Features accelerated by secondary Geo sites
Most HTTP traffic sent to a secondary Geo site can be proxied to the primary Geo site. With this architecture, secondary Geo sites are able to support write requests. Certain read requests are handled locally by secondary sites for improved latency and bandwidth nearby. All write requests are proxied to the primary site.
The following table details the components currently tested through the Geo secondary site Workhorse proxy.

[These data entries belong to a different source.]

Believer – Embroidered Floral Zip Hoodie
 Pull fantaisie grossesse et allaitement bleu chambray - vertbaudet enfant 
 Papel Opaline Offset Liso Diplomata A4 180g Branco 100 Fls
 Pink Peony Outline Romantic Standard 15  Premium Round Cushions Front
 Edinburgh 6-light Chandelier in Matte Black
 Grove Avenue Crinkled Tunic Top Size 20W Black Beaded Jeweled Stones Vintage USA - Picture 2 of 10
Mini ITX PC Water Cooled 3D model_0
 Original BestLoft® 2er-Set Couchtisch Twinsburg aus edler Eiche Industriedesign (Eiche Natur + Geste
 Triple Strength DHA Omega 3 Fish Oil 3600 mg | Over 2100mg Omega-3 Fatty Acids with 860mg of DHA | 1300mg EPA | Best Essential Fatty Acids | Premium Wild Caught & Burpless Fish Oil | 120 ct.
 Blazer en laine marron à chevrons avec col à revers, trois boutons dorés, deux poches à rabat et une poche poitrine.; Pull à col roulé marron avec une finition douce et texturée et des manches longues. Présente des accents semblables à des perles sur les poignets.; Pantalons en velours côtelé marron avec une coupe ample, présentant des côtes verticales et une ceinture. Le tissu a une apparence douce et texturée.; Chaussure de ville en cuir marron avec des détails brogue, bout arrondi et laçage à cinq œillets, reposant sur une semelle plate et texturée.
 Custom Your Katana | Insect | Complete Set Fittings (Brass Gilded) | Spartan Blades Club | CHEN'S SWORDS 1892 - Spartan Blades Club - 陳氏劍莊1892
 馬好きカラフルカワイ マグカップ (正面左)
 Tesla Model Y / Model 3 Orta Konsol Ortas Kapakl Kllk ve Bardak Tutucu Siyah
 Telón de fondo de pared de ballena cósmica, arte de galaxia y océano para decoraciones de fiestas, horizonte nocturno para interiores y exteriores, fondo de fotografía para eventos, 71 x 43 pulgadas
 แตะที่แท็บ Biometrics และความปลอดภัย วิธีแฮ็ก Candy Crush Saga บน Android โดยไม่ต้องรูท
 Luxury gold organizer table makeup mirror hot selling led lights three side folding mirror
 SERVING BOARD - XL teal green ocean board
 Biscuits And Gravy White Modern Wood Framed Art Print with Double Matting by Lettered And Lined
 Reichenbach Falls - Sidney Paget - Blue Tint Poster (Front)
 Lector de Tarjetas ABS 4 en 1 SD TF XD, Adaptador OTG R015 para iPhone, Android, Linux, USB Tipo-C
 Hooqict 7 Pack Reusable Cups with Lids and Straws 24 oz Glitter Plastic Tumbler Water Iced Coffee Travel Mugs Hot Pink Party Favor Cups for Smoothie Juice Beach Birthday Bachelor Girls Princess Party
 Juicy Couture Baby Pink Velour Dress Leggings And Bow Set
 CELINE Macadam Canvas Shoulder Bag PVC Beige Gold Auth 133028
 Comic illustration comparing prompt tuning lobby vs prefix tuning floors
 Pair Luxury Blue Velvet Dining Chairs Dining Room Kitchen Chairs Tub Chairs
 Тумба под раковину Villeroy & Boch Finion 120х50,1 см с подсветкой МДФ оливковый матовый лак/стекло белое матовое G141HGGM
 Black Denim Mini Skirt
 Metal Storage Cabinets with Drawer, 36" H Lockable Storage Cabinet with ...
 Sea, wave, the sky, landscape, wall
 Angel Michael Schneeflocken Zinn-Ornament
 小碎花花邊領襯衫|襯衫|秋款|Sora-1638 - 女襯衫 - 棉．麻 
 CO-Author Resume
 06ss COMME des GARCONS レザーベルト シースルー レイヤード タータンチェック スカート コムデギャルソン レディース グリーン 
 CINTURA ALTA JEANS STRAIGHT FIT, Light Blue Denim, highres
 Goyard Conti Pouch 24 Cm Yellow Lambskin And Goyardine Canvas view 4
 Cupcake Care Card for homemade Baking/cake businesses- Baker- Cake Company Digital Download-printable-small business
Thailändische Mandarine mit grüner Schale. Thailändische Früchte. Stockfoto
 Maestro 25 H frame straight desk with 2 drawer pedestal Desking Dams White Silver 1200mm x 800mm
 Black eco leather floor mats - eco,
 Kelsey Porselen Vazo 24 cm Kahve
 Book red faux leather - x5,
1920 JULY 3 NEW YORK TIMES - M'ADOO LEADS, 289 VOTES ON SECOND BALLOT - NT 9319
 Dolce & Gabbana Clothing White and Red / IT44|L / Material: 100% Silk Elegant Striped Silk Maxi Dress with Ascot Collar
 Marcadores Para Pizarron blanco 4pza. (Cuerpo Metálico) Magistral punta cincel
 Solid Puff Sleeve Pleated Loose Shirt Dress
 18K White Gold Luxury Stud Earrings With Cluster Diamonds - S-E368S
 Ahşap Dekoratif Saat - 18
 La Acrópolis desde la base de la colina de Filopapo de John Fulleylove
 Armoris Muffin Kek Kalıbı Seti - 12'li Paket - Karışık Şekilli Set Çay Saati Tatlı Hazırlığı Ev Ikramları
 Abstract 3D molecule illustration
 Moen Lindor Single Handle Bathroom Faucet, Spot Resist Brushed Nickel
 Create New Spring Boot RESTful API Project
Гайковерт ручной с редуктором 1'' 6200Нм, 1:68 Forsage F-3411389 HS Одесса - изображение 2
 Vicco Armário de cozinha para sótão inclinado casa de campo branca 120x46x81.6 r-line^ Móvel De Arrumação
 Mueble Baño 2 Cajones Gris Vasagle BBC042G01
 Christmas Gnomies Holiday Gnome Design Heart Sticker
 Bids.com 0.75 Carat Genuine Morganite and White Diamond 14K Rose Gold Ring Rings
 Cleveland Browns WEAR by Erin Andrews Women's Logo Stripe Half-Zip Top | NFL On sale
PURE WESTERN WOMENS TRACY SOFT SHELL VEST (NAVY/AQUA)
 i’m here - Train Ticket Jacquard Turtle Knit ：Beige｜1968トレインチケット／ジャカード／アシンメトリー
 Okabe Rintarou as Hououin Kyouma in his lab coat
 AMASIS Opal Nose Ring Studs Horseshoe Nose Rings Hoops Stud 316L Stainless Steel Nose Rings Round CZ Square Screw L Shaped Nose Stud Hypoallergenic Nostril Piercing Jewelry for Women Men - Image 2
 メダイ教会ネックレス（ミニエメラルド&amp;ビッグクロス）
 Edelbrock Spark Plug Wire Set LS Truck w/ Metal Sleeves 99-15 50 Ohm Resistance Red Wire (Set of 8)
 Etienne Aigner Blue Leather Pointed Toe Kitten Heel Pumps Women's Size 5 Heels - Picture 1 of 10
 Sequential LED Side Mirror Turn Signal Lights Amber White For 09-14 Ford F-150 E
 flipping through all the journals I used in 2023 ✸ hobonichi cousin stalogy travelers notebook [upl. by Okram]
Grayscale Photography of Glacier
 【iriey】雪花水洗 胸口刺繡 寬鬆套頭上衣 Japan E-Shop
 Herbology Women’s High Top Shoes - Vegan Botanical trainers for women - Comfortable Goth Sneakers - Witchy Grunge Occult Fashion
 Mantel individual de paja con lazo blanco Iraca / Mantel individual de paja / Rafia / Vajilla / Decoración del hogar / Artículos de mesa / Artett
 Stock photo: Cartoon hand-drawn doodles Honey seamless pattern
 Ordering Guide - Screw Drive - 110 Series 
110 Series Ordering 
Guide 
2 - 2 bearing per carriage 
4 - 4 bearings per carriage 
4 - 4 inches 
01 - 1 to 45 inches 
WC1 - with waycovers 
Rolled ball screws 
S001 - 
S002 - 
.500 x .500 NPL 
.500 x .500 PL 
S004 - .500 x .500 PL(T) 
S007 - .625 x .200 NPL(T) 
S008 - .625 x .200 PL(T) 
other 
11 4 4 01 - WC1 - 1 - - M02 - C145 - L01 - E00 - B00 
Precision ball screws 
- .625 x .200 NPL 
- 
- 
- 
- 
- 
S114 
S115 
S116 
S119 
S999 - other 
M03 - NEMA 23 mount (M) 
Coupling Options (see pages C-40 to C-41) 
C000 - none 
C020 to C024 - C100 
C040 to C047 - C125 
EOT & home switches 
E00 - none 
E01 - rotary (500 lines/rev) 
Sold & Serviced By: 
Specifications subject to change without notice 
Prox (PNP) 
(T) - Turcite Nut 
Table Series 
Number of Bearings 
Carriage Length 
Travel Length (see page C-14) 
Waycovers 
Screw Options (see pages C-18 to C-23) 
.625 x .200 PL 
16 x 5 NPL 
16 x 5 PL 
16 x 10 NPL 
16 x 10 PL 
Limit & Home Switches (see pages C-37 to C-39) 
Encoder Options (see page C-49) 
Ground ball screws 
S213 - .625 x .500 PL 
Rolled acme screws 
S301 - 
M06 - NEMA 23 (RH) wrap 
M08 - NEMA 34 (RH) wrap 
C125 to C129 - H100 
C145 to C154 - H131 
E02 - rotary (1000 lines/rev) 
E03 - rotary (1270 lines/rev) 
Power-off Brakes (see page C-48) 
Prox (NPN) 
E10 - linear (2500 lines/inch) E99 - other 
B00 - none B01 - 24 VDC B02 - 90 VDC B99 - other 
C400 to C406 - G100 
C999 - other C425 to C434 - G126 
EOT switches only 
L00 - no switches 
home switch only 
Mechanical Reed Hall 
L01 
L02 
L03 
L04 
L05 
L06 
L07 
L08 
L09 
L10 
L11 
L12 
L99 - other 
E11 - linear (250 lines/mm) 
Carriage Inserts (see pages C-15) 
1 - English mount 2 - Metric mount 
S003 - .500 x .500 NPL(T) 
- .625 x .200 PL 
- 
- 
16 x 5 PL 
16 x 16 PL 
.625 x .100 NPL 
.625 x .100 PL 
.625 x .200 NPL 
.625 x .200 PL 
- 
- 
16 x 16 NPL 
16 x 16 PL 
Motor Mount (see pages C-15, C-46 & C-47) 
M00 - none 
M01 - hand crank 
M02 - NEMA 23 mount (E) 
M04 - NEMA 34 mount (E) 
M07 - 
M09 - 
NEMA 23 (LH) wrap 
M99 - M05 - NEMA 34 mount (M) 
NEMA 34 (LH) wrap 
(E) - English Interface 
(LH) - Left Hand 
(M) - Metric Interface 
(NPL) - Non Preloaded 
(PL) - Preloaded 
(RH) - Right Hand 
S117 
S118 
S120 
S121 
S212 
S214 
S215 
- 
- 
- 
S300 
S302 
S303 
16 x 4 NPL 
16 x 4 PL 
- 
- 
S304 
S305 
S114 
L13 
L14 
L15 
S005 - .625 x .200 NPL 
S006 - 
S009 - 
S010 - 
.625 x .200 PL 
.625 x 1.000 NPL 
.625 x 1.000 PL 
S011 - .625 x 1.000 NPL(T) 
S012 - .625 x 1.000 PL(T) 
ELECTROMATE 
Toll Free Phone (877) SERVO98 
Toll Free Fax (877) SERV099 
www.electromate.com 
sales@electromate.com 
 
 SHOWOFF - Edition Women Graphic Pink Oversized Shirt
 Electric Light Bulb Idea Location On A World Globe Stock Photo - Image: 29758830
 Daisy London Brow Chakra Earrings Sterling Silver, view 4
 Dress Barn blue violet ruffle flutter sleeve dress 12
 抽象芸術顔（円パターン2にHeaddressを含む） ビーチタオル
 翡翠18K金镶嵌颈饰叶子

It does not cover all data types, more will be added in the future as they are tested.
Feature / component | Accelerated reads? |
---|---|
Project, wiki, design repository (using the web UI) | {dotted-circle} No |
Project, wiki repository (using Git) | {check-circle} Yes 1 |
Project, Personal Snippet (using the web UI) | {dotted-circle} No |
Project, Personal Snippet (using Git) | {check-circle} Yes 1 |
Group wiki repository (using the web UI) | {dotted-circle} No |
Group wiki repository (using Git) | {check-circle} Yes 1 |
User uploads | {dotted-circle} No |
LFS objects (using the web UI) | {dotted-circle} No |
LFS objects (using Git) | {check-circle} Yes |
Pages | {dotted-circle} No 2 |
Advanced search (using the web UI) | {dotted-circle} No |
- Git reads are served from the local secondary while pushes get proxied to the primary. Selective sync or cases where repositories don't exist locally on the Geo secondary throw a "not found" error.
- Pages can use the same URL (without access control), but must be configured separately and are not proxied.